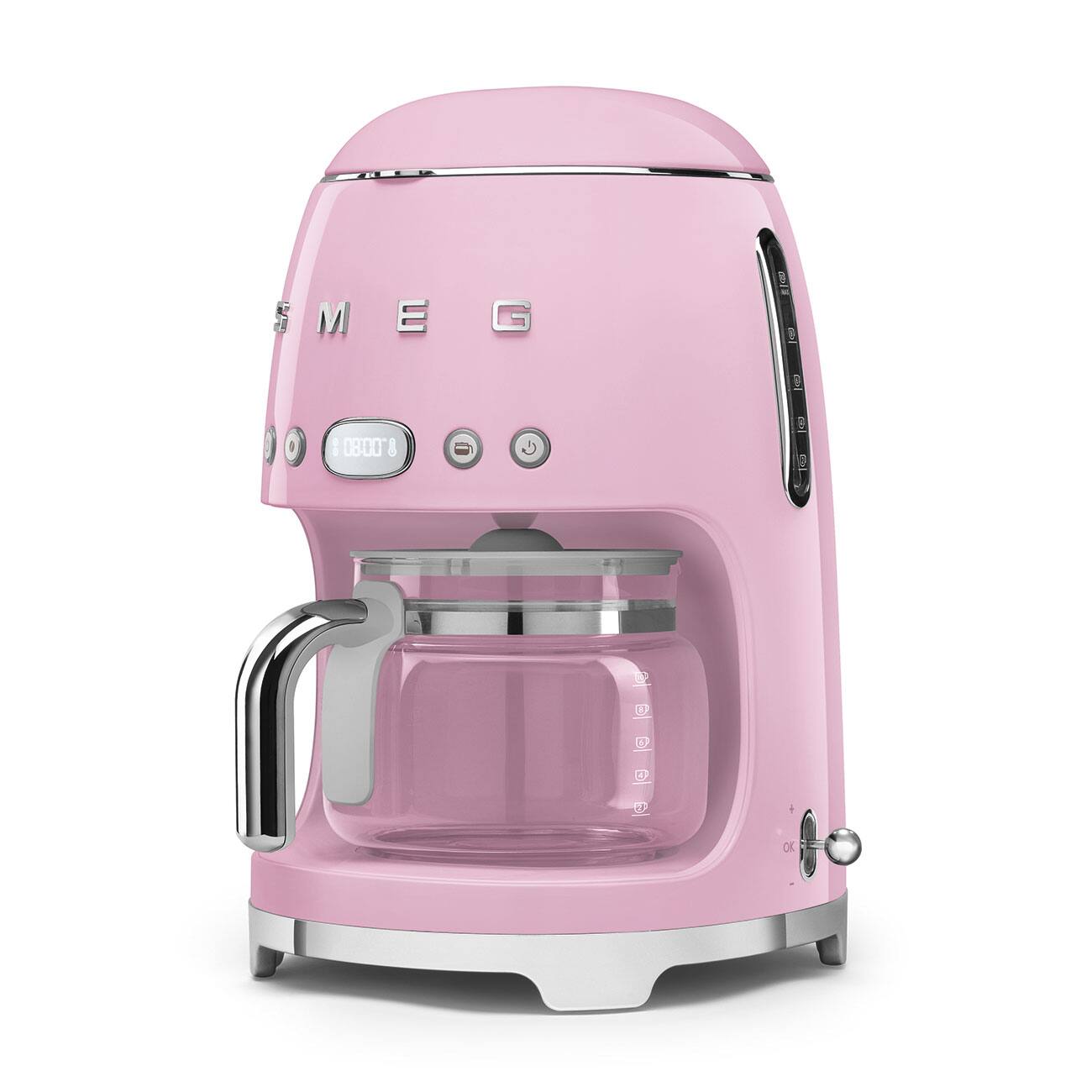 Angle. SMEG - DCF02 Drip 10-Cup Coffee Maker - Pink.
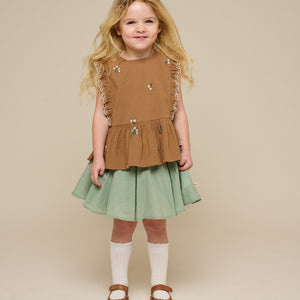 Besticktes Seersucker-Top - Kids - Coconut | 100982 Nora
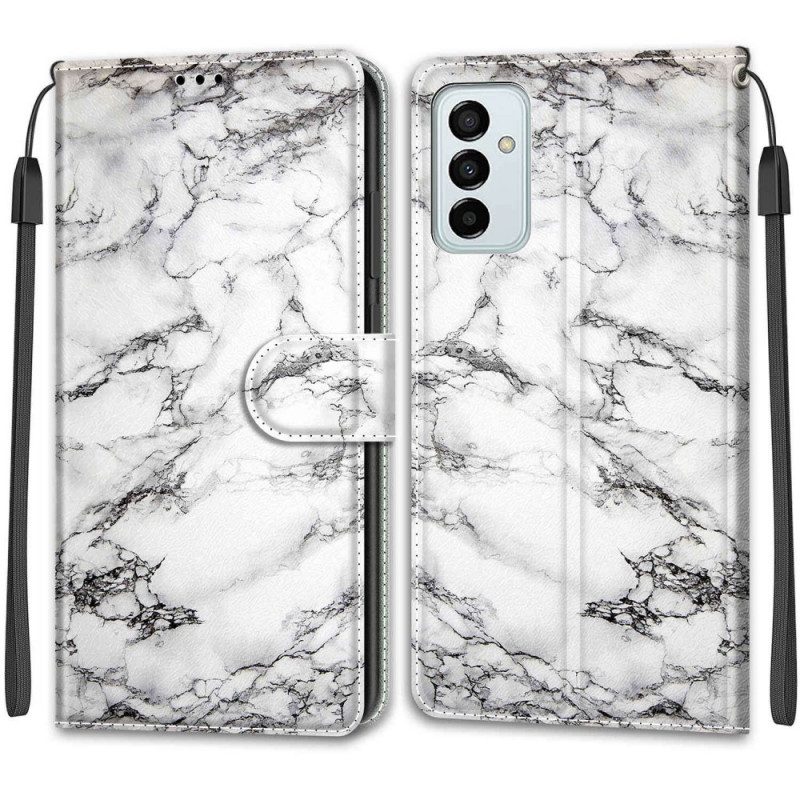 Custodia in pelle Samsung Galaxy M23 5G Marmo E Cordino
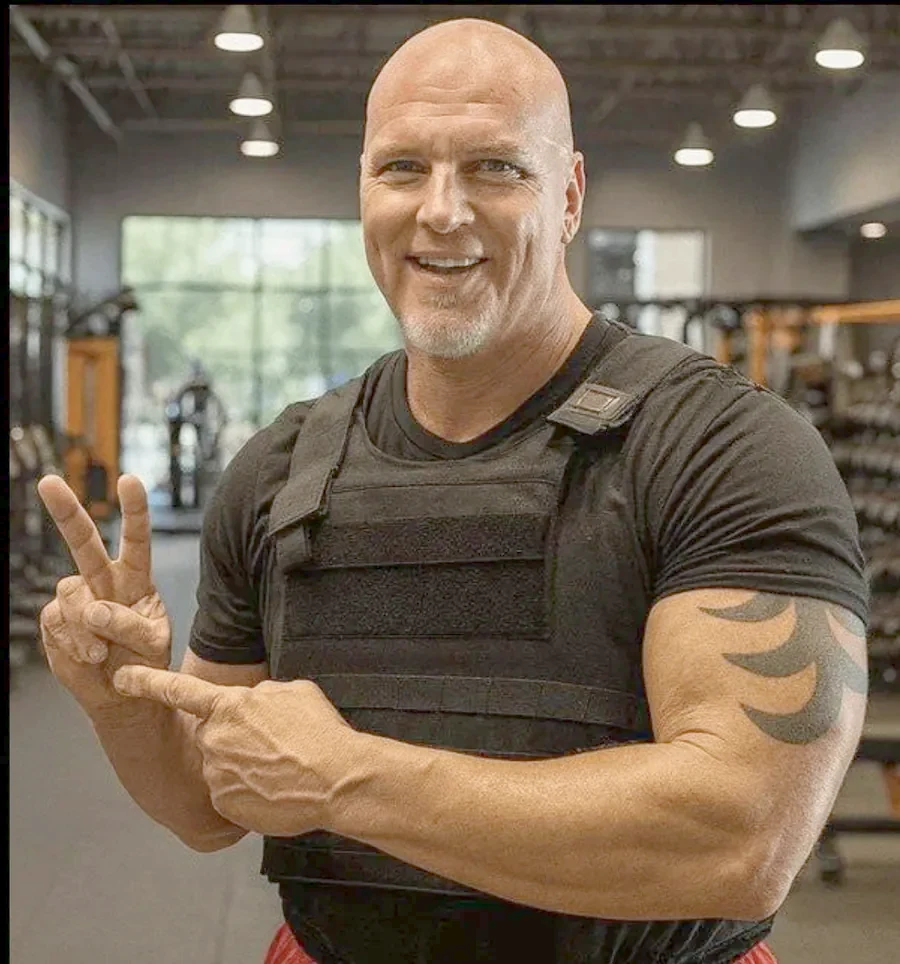 Daniel Borowick, founder of Domex Strength and Fitness, in a weighted training vest in the gym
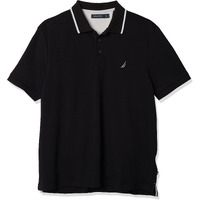 Nautica Men's Classic Fit Short Sleeve Dual Tipped Collar Polo Shirt, True Black, 3X-Large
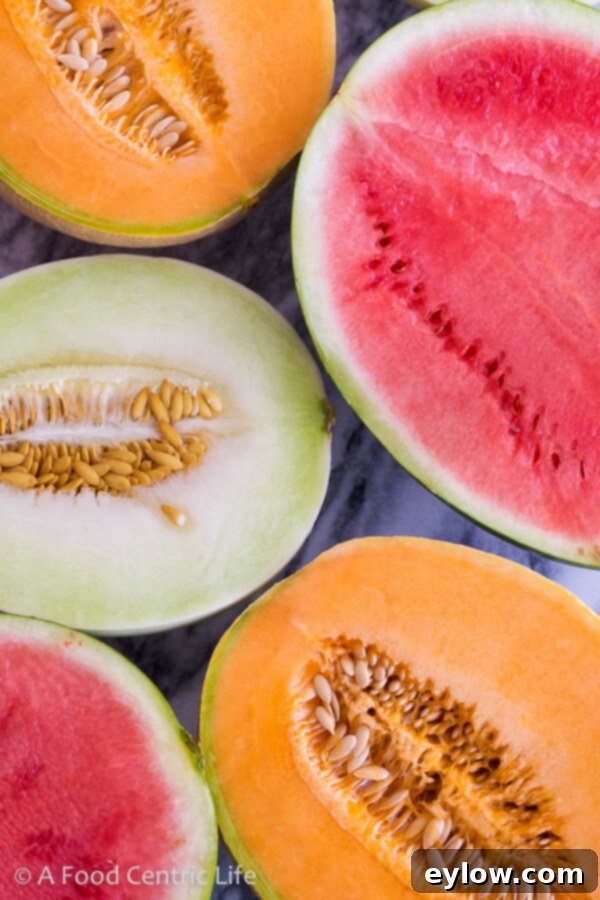 Melon Medley Skewers 3 Variety of fresh summer melons | AFoodCentricLife.com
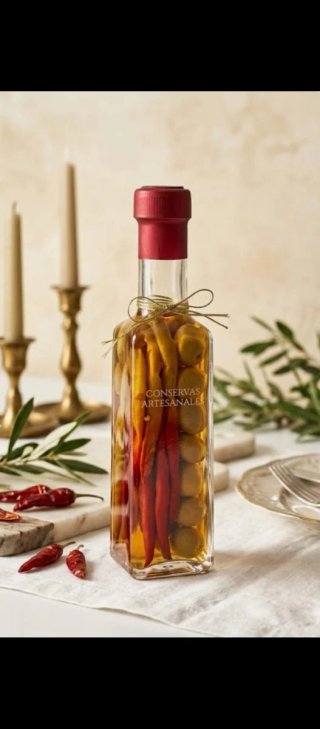 Botella Decorativa con Chiles y Aceitunas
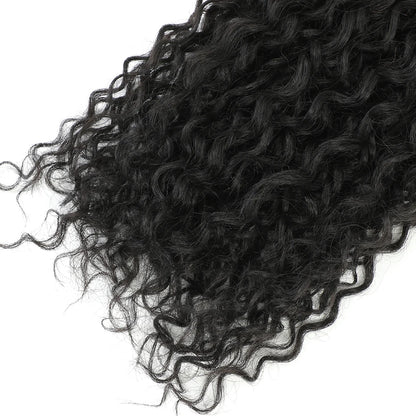 30inches Black Jerry Curly Synthetic Hair Extensions Heat Resistant Fiber Human-Like Soft Kinky Curly Fake Hair Weave Bundles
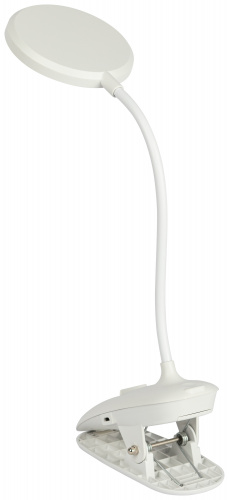 Светильник светодиодный ЭРА настольный NLED-513-6W-W аккумуляторный на прищепке белый (1/48) (Б0057209) фото 2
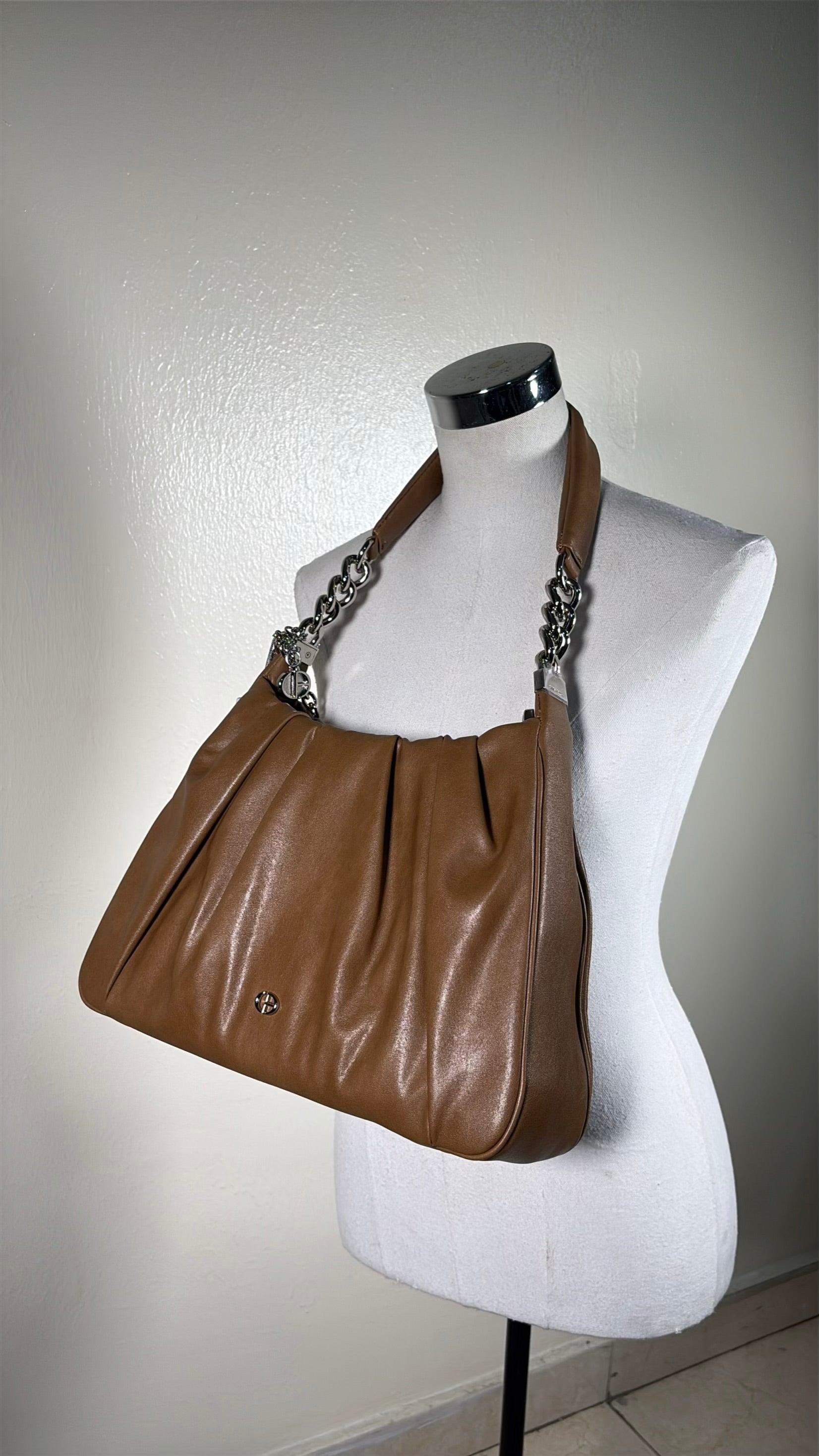 Chrisbella Ruched Deisgn Single Strap Bag in Brown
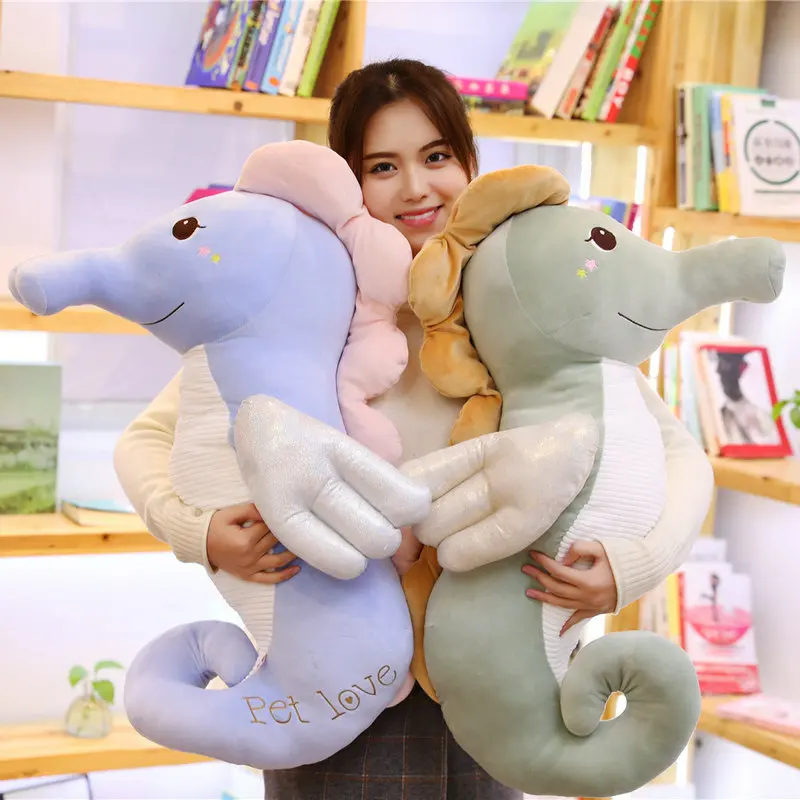 

70/90cm Cartoon flying Seahorse plush toy soft animal stuffed sean ocean pillow unique cushion child girl Kawaii gift sofa decor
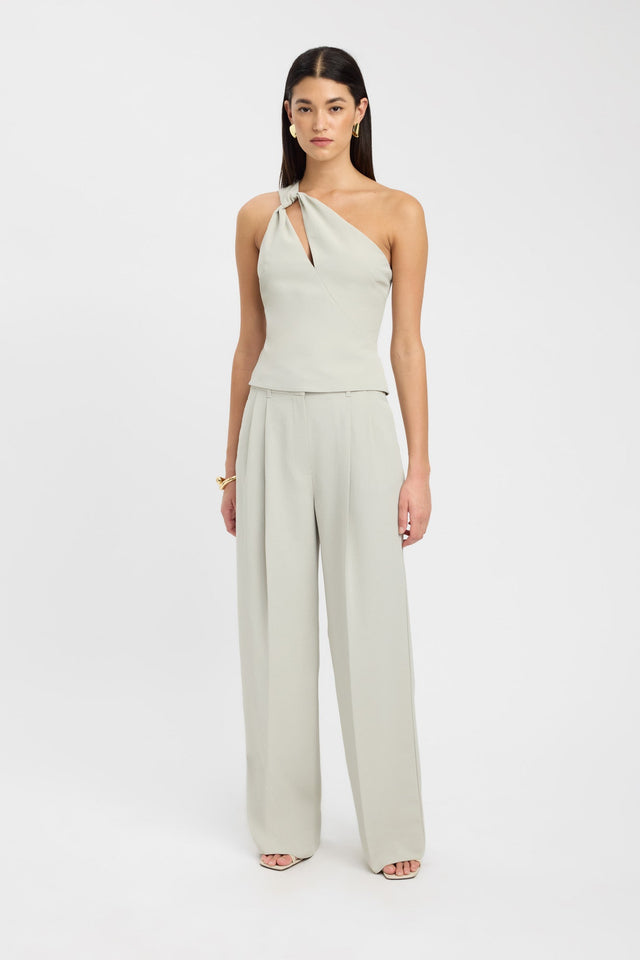 side Opal Knot Top Kookai Fitted Asymmetry Sleeveless Womens-Blouse 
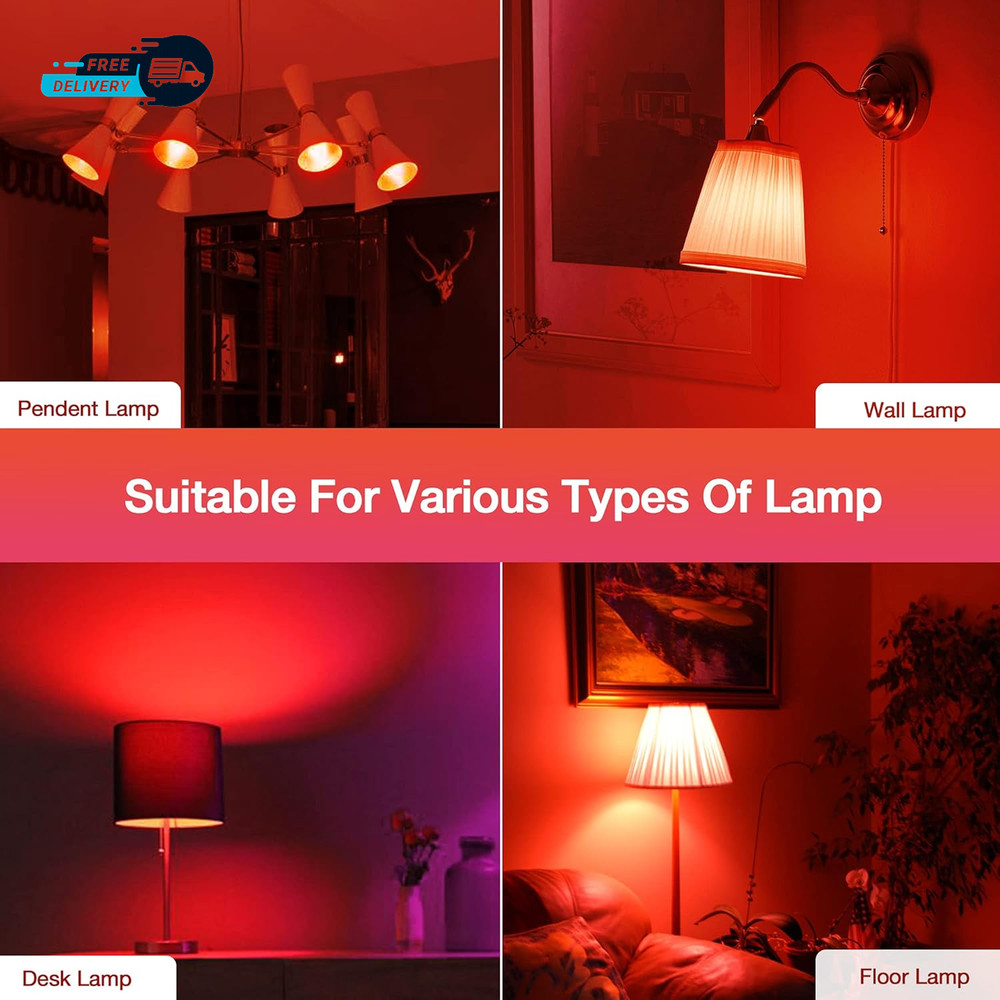 LED Red Light Bulb 60W Equivalent, A19 LED E26 Base Red Color Light Bulbs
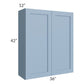 RTA Sky Blue Shaker 36" x 42" Wall Cabinet with 2 Decorative End Panels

◇ ◇ ◇ ◇ ◇ ◇ ◇

→ **WORK TASK**
For this exercise, retype exactly, and only, the lines from the line with "30inches Black Jerry" through the last line of the material above, both included. Pictures stay out.

→ **RESPONSE FOR THIS EXERCISE**
 30inches Black Jerry Curly Synthetic Hair Extensions Heat Resistant Fiber Human-Like Soft Kinky Curly Fake Hair Weave Bundles
 Светильник светодиодный ЭРА настольный NLED-513-6W-W аккумуляторный на прищепке белый (1/48) (Б0057209) фото 2
 Chrisbella Ruched Deisgn Single Strap Bag in Brown

70/90cm Cartoon flying Seahorse plush toy soft animal stuffed sean ocean pillow unique cushion child girl Kawaii gift sofa decor
 side Opal Knot Top Kookai Fitted Asymmetry Sleeveless Womens-Blouse 
 LED Red Light Bulb 60W Equivalent, A19 LED E26 Base Red Color Light Bulbs
 RTA Sky Blue Shaker 36" x 42" Wall Cabinet with 2 Decorative End Panels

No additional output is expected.